- Problem requirements: Only one stretch of the records below should be repeated. It starts with the line containing "Italian Silk Multi-Coloured" and goes on through the line containing "Embossed real gold", exactly as written.

(Records excerpted from a collection)
—————
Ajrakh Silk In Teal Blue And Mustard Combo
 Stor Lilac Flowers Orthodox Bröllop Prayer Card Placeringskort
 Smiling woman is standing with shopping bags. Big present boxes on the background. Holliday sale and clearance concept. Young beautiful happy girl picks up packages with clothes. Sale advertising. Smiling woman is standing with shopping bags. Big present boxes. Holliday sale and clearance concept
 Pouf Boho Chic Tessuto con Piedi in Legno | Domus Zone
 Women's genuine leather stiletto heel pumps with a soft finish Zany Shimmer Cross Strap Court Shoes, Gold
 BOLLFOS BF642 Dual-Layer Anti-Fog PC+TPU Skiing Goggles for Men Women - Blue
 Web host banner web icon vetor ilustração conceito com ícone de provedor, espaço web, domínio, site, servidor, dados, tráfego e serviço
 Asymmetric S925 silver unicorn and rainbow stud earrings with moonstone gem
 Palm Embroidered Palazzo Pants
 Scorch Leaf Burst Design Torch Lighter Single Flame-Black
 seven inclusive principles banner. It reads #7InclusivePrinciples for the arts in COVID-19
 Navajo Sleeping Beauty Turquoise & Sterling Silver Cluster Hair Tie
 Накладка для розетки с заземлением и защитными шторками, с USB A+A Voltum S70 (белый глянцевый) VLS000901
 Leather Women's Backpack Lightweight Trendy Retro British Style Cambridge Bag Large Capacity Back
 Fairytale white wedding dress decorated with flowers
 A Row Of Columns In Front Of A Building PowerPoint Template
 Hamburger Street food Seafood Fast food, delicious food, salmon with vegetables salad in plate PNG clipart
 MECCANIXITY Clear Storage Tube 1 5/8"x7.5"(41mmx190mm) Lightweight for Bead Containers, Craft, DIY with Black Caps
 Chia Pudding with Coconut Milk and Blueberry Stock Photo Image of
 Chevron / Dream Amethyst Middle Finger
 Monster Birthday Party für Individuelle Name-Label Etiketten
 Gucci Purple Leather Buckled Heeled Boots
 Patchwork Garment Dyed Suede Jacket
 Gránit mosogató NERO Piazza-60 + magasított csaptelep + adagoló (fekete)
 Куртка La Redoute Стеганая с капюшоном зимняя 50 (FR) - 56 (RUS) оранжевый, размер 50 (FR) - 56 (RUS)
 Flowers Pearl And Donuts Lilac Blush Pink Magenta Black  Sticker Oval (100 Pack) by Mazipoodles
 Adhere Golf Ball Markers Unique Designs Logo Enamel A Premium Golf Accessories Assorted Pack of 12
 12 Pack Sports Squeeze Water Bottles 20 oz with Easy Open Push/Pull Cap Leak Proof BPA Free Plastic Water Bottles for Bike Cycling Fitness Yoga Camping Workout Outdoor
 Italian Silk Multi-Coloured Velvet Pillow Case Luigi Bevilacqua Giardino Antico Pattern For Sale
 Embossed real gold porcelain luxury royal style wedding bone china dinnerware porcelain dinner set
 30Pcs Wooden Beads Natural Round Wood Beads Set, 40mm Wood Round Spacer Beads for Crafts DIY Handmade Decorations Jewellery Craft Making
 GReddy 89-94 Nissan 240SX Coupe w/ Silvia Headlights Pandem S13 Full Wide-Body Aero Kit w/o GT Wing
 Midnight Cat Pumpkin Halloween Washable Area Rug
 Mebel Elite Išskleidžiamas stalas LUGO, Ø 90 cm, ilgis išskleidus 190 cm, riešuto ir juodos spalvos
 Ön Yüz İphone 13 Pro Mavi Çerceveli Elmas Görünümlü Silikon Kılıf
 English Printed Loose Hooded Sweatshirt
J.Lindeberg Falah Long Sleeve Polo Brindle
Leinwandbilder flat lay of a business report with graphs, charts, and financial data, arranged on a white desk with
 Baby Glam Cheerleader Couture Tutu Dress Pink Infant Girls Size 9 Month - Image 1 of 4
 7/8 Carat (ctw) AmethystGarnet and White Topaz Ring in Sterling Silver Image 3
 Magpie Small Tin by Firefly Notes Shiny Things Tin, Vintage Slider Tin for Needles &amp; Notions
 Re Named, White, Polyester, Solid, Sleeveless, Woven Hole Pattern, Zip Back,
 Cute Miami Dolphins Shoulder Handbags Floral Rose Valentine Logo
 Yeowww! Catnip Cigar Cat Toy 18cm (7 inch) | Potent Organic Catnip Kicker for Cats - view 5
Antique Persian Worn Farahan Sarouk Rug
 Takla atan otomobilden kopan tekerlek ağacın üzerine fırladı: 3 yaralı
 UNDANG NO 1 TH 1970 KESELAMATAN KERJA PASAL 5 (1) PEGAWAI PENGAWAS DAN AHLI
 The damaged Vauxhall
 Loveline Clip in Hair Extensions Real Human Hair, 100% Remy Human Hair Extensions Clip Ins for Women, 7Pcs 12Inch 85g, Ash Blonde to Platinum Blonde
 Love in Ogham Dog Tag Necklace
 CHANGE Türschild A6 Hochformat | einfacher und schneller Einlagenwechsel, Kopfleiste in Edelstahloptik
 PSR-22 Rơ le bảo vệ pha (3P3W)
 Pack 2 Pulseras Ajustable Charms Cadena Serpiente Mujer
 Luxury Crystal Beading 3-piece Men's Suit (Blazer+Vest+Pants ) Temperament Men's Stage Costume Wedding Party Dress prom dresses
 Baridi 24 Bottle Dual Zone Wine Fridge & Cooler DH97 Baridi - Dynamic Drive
—————
- Response to the exercise:
 Italian Silk Multi-Coloured Velvet Pillow Case Luigi Bevilacqua Giardino Antico Pattern For Sale
 Embossed real gold porcelain luxury royal style wedding bone china dinnerware porcelain dinner set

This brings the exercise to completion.